Task statement =
Without including any images, repeat the data exactly.

Data provided =
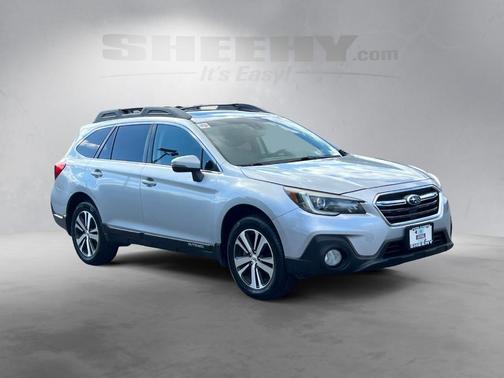 2019 Subaru Outback 2.5i Limited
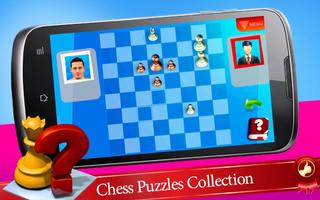 Chess Puzzles Collection capture d'écran 1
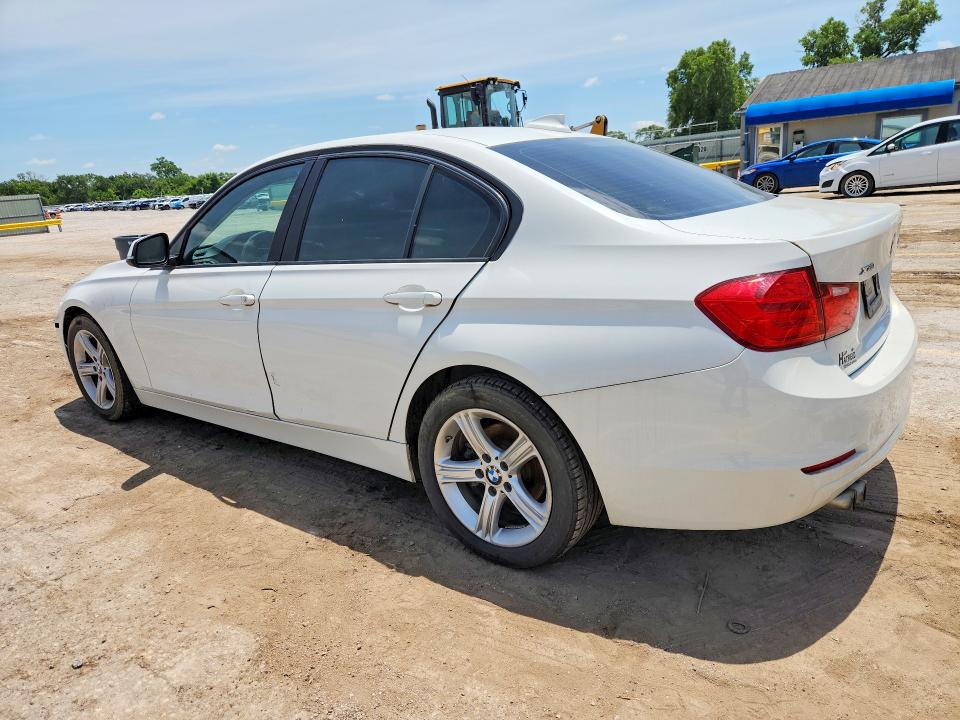 Aukcja sprzedaży 2014 Bmw 328, vin: WBA3B3G52ENR84110, numer aukcji: 57701796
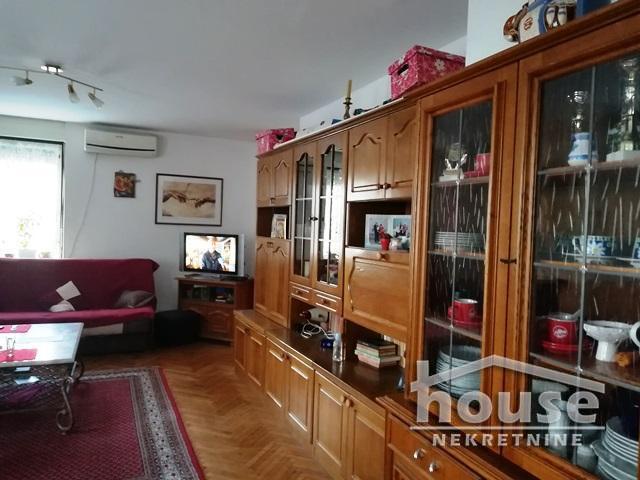 Stan NOVI SAD, BULEVAR, kv: 76, € 164800, ID: 1048496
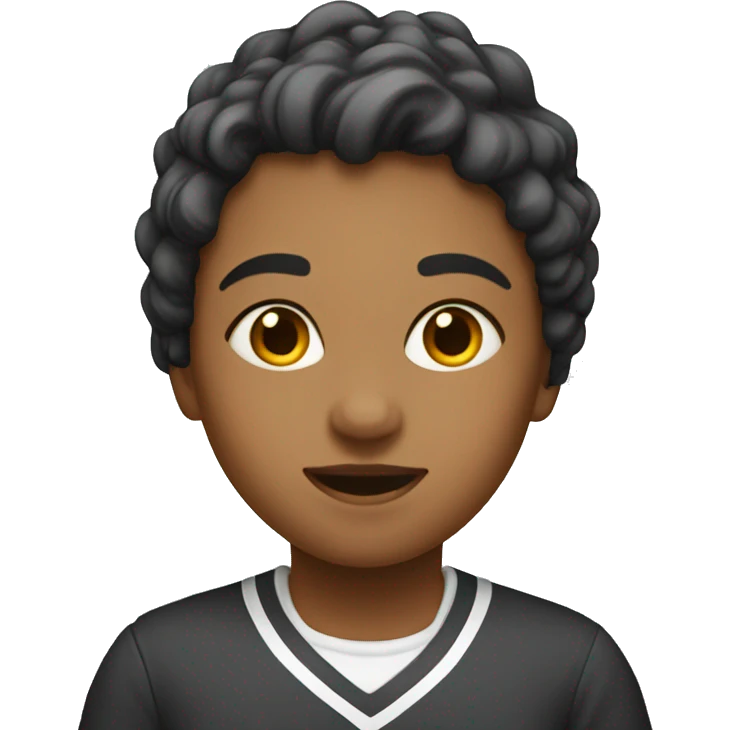 School gilr emoji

Written response =
 2019 Subaru Outback 2.5i Limited
 Chess Puzzles Collection capture d'écran 1
 Aukcja sprzedaży 2014 Bmw 328, vin: WBA3B3G52ENR84110, numer aukcji: 57701796
 Stan NOVI SAD, BULEVAR, kv: 76, € 164800, ID: 1048496
 School gilr emoji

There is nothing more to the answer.